━━━━━ THE RECORDS ━━━━━

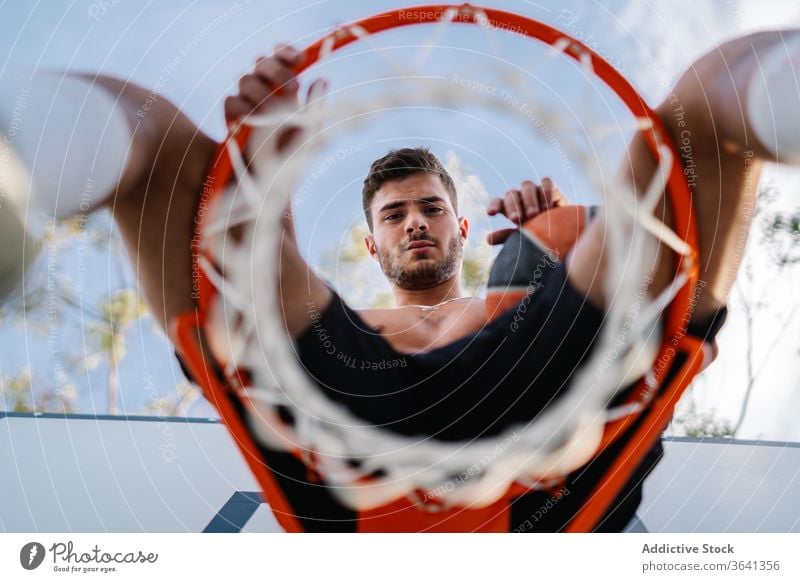 Basketball player sitting on hoop on playground basketball man sportsman training game healthy male handsome professional activity exercise sportswear athlete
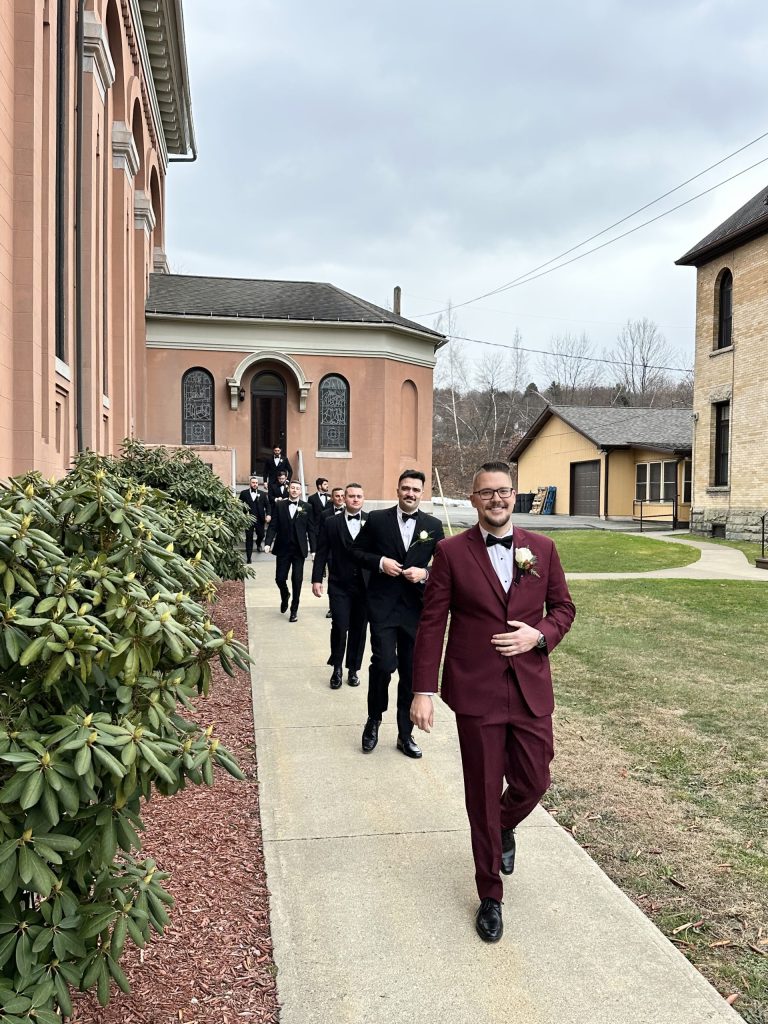 A group of men in tuxedos, led by a man in a burgundy suit holding a bouquet, walk outside a church on a cloudy day, smiling as they head down a sidewalk.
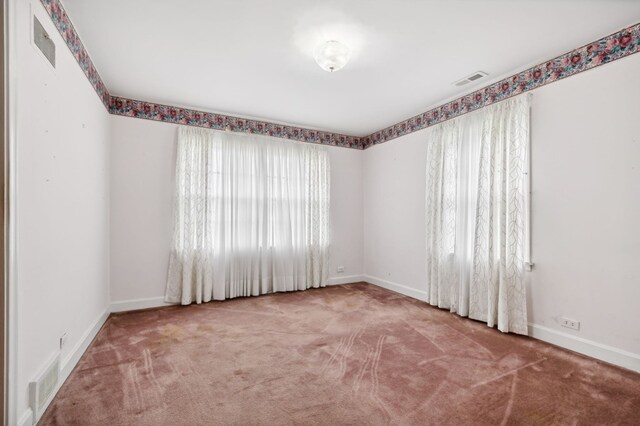 carpeted empty room featuring visible vents and baseboards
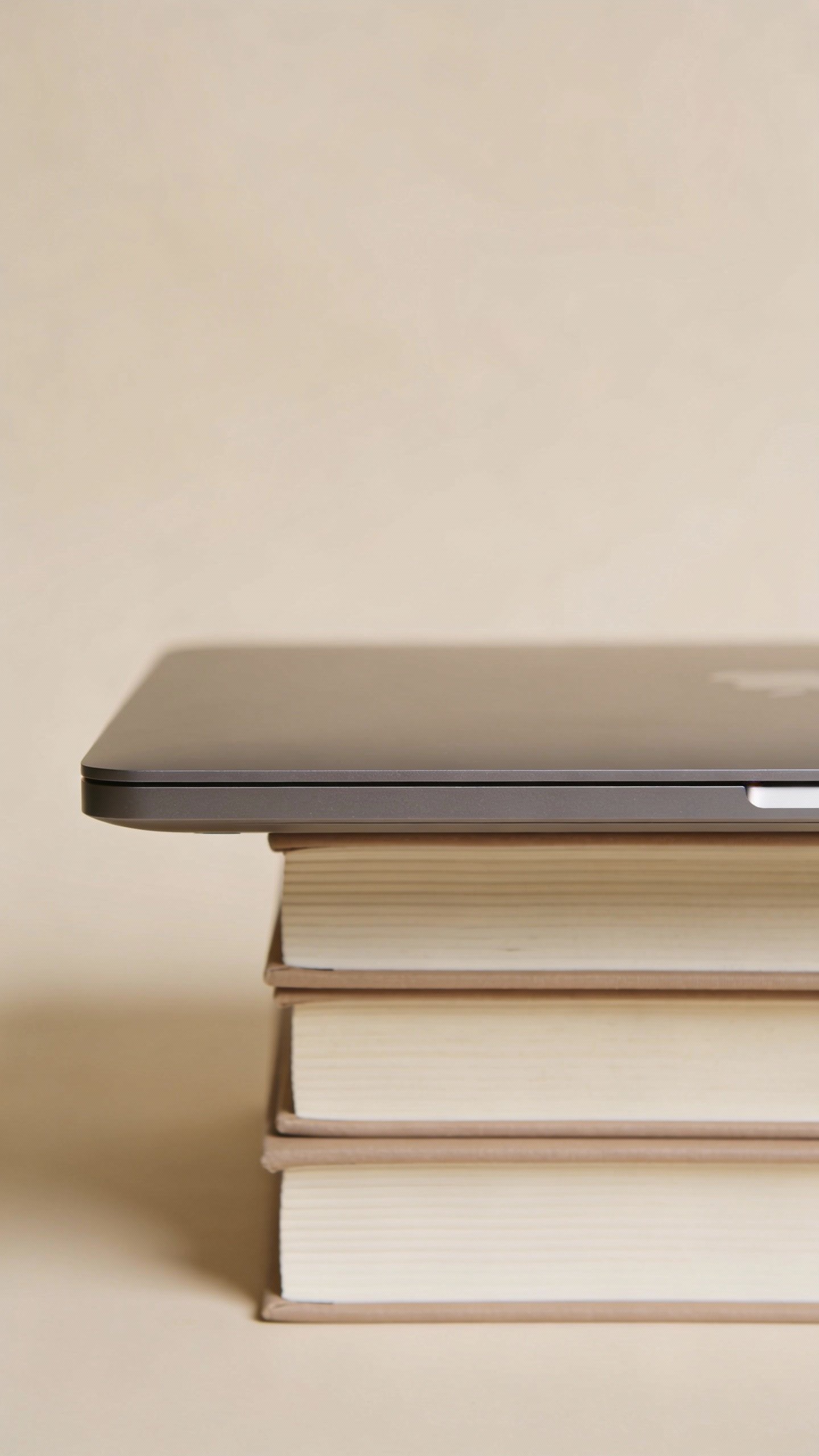 Single stack of books elevating laptop, neutral background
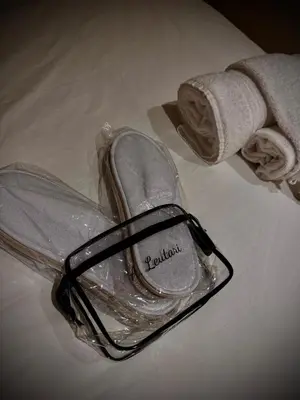 a pair of shoes in a plastic bag on a bed at Apartament Leutari in Rome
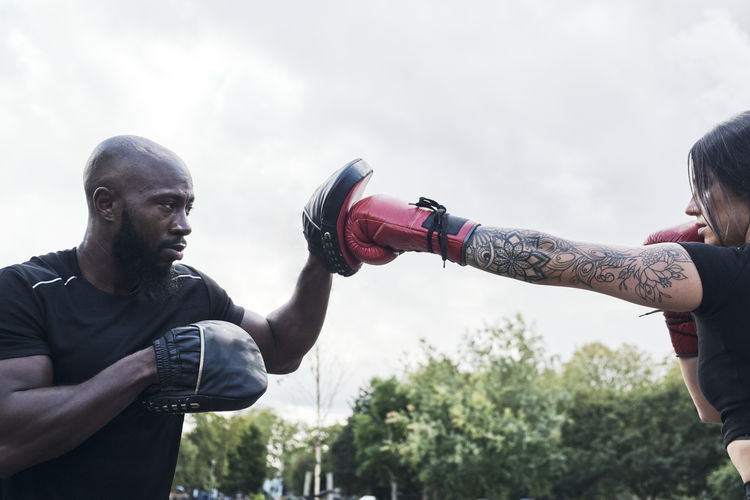 Strong brunette woman boxing outdoors with her personal coach.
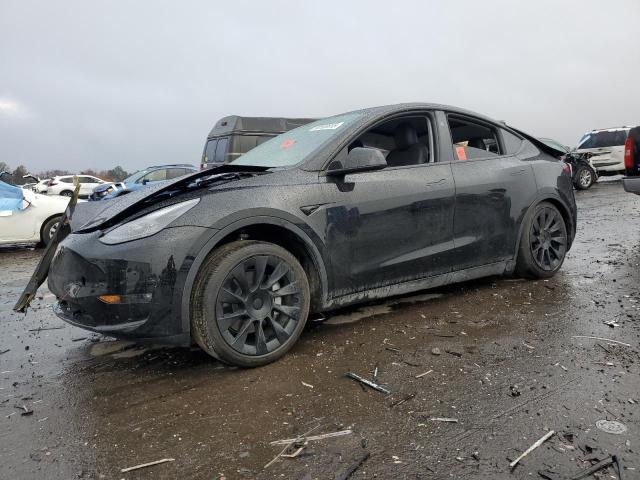 2023 TESLA MODEL Y — VIN 7SAYGAEE2PF864278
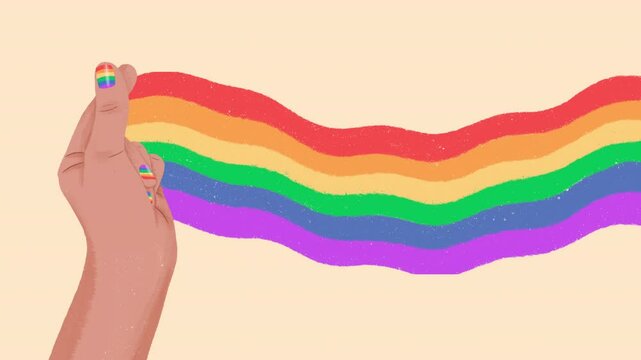 Hand showing mini pride flag on beige background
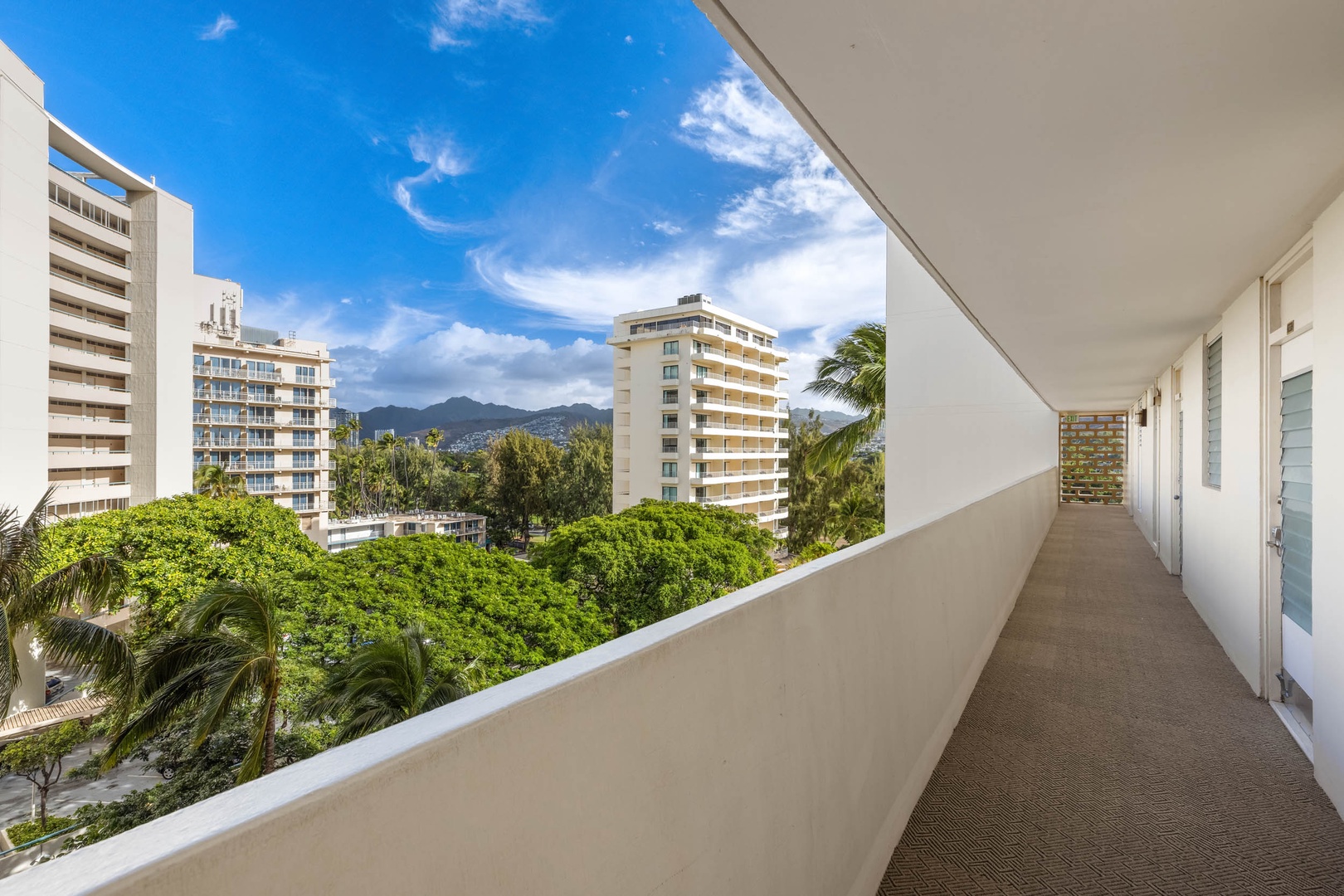 Honolulu Vacation Rentals, Colony Surf Getaway - Urban oasis with a verdant balcony view, offering a serene views from the guest bedroom balcony.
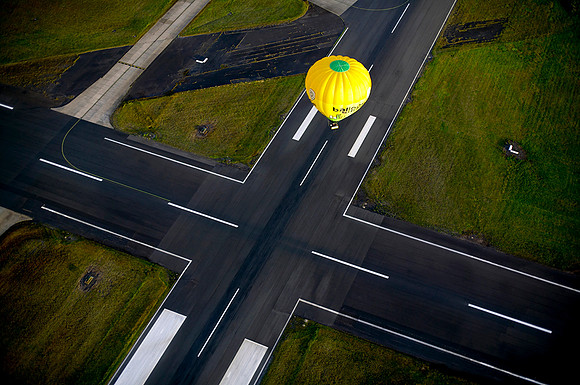 Airport runways intersecting, aerial view with hot air balloon landing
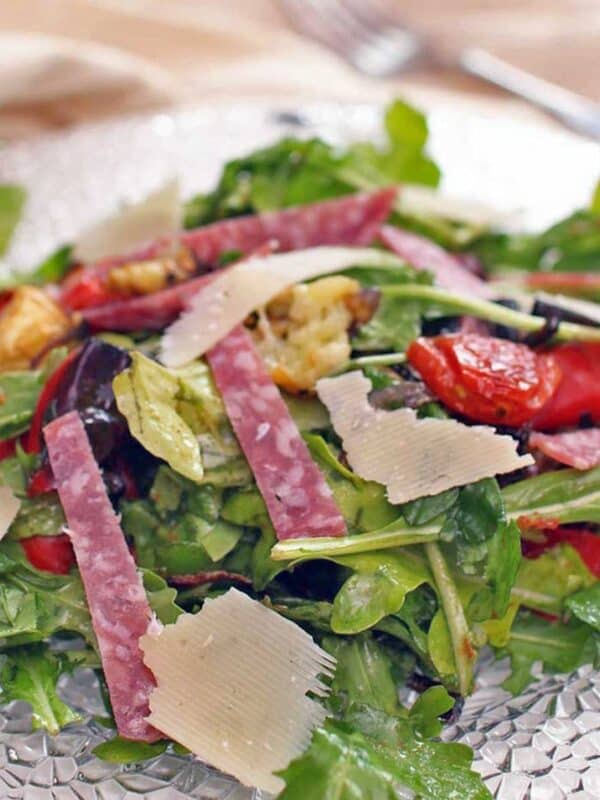 Spinach Antipasto Salad on a glass dish.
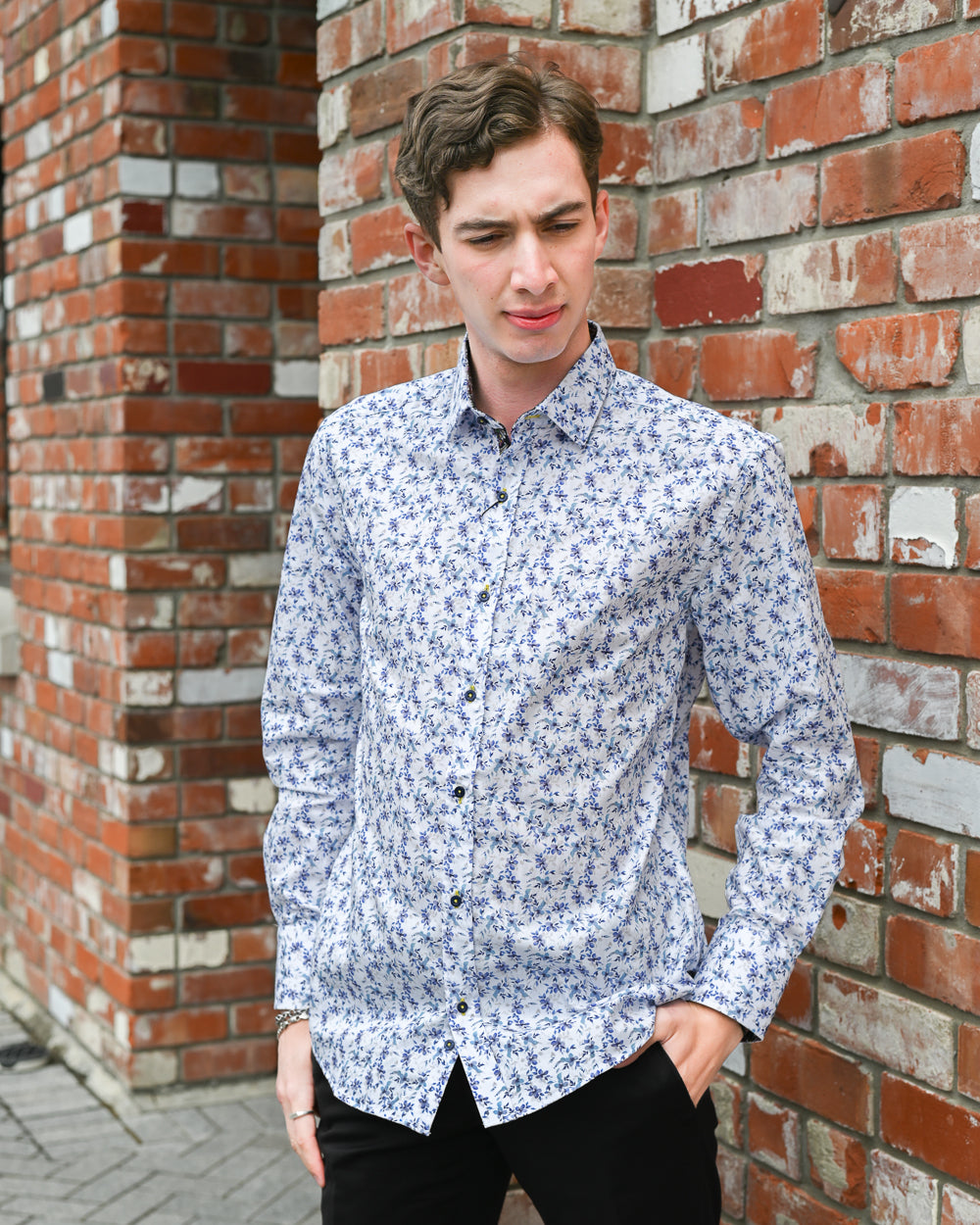 Man wearing a long-sleeve shirt with a blue floral pattern on it by Di Nero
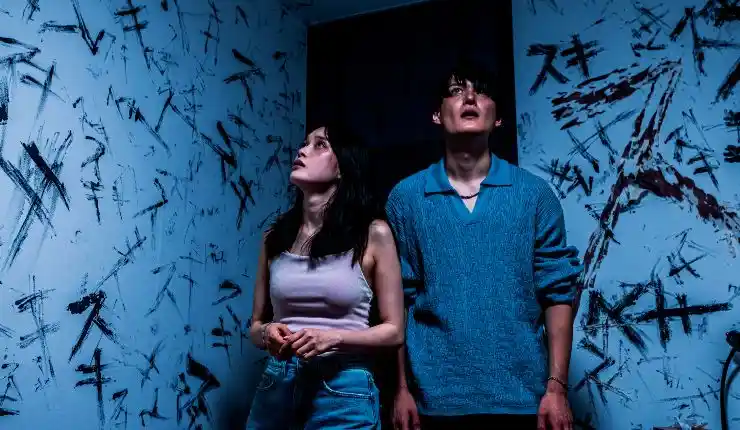 A man and woman walk into a room with marks on the wall in Mag Mag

━━━━━

PROBLEM:
From the material above, reproduce only what runs from the line holding "carpeted empty room" down to the line holding "Honolulu Vacation Rentals, Colony", both included, pictures excluded.

WRITTEN ANSWER:
 carpeted empty room featuring visible vents and baseboards
 Single stack of books elevating laptop, neutral background
 a pair of shoes in a plastic bag on a bed at Apartament Leutari in Rome
 Strong brunette woman boxing outdoors with her personal coach.
 2023 TESLA MODEL Y — VIN 7SAYGAEE2PF864278
 Hand showing mini pride flag on beige background
 Honolulu Vacation Rentals, Colony Surf Getaway - Urban oasis with a verdant balcony view, offering a serene views from the guest bedroom balcony.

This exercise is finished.